Originally posted my uSpace blog on 5th July 2012.

Just back from ICML 2012 this week, as usual it was good to see everyone and as ever it was difficult to keep track of all the innovations across what is a very diverse field.

One talk that was submitted as a paper but presented across the conference has triggered this blog entry. The talk was popular amoungst many attendees and seemed to reflect concerns some researchers in the field have. However, I felt it didn’t reflect my own perspective, and if it had done I wouldn’t have been at the conference in the first place. It was Kiri Wagstaff’s “Machine Learning that Matters”. Kiri made some good points and presented some evidence to back up her claims. Her main argument was that ICML doesn’t care enough about the applications. Kiri’s paper can be found here: http://arxiv.org/pdf/1206.4656.pdf. A comment from one audience member also seemed to indicate that he (the audience member) felt we (the ICML conferene) don’t do enough to engage with application areas.

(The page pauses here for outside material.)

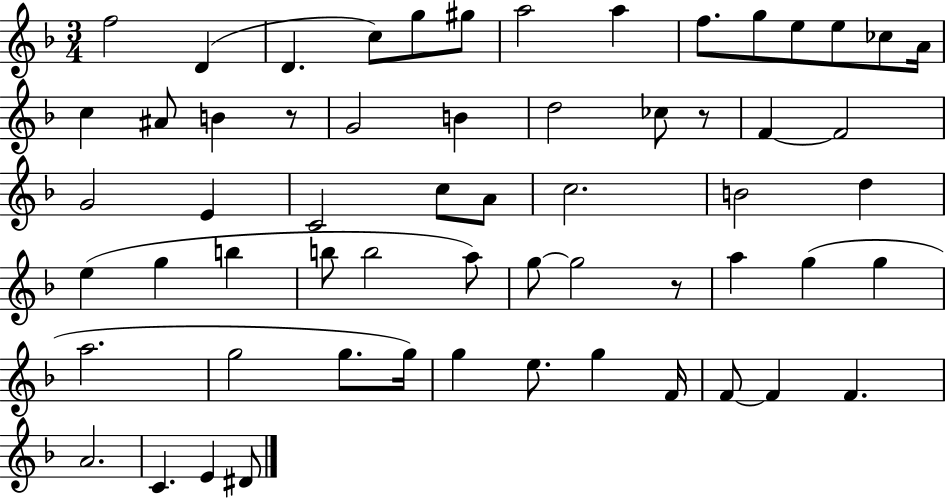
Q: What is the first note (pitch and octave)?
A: F5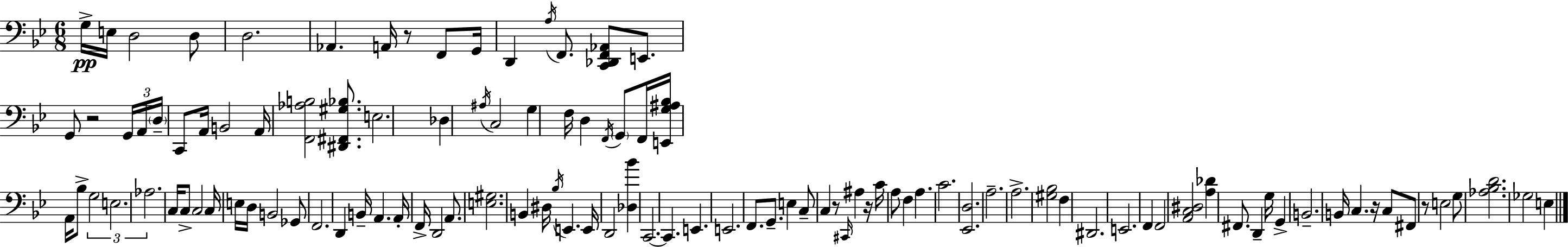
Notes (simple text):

G3/s E3/s D3/h D3/e D3/h. Ab2/q. A2/s R/e F2/e G2/s D2/q A3/s F2/e. [C2,Db2,F2,Ab2]/e E2/e. G2/e R/h G2/s A2/s D3/s C2/e A2/s B2/h A2/s [F2,Ab3,B3]/h [D#2,F#2,G#3,Bb3]/e. E3/h. Db3/q A#3/s C3/h G3/q F3/s D3/q F2/s G2/e F2/s [E2,G3,A#3,Bb3]/s A2/s Bb3/e G3/h E3/h. Ab3/h. C3/s C3/e C3/h C3/s E3/s D3/s B2/h Gb2/e F2/h. D2/q B2/s A2/q. A2/s F2/s D2/h A2/e. [E3,G#3]/h. B2/q D#3/s Bb3/s E2/q. E2/s D2/h [Db3,Bb4]/q C2/h. C2/q. E2/q. E2/h. F2/e. G2/e. E3/q C3/e C3/q R/e C#2/s A#3/q R/s C4/s A3/e F3/q A3/q. C4/h. [Eb2,D3]/h. A3/h. A3/h. [G#3,Bb3]/h F3/q D#2/h. E2/h. F2/q F2/h [A2,C3,D#3]/h [A3,Db4]/q F#2/e. D2/q G3/s G2/q B2/h. B2/s C3/q. R/s C3/e F#2/e R/e E3/h G3/e [Ab3,Bb3,D4]/h. Gb3/h E3/q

As a researcher who spends a large amount of time working directly in application areas, I must admit to feeling a little peeved by what Kiri said. Whilst she characterized a portion of machine learning papers correctly, I believe that these papers are in a minority.  And I suspect an even larger proportion of such papers are submitted to the conference and then rightly rejected. The reason I attend machine learning conferences is that there are a large number of researchers who are active in trying to make a real difference in important application areas.

It was ironic that the speaker previous to Kiri was Yann Le Cun, who presented tailored machine learning hardware for real time segmentation of video images. Rather than focussing on this aspect of Yann’s work Kiri chose to mention the league table he maintains for the MNIST digits (something Yann does as a community service–I think he last published a paper on MNIST over 10 years ago). She presented the community’s use of the MNIST digits and UCI data sets as being indicative that we don’t care about `real applications’. Kiri found that 23% of ICML papers present results only on UCI and/or simulated data. However, given that ICML is a mainly methodological conference I do not find this surprising at all. I did find it odd that Kiri focussed only on classification as an application. I attended no talks on `classical’ classification at the conference (i.e. discriminative classification of vectorial data without missing labels, missing inputs or any other distinguishing features).  I see that very much as ‘yesterday’s problem’. An up to date critique might have focussed on Deep Learning, Latent topic models, compressed sensing or Bayesian non parametrics (and I’m sure we could make similar claims about those methods too).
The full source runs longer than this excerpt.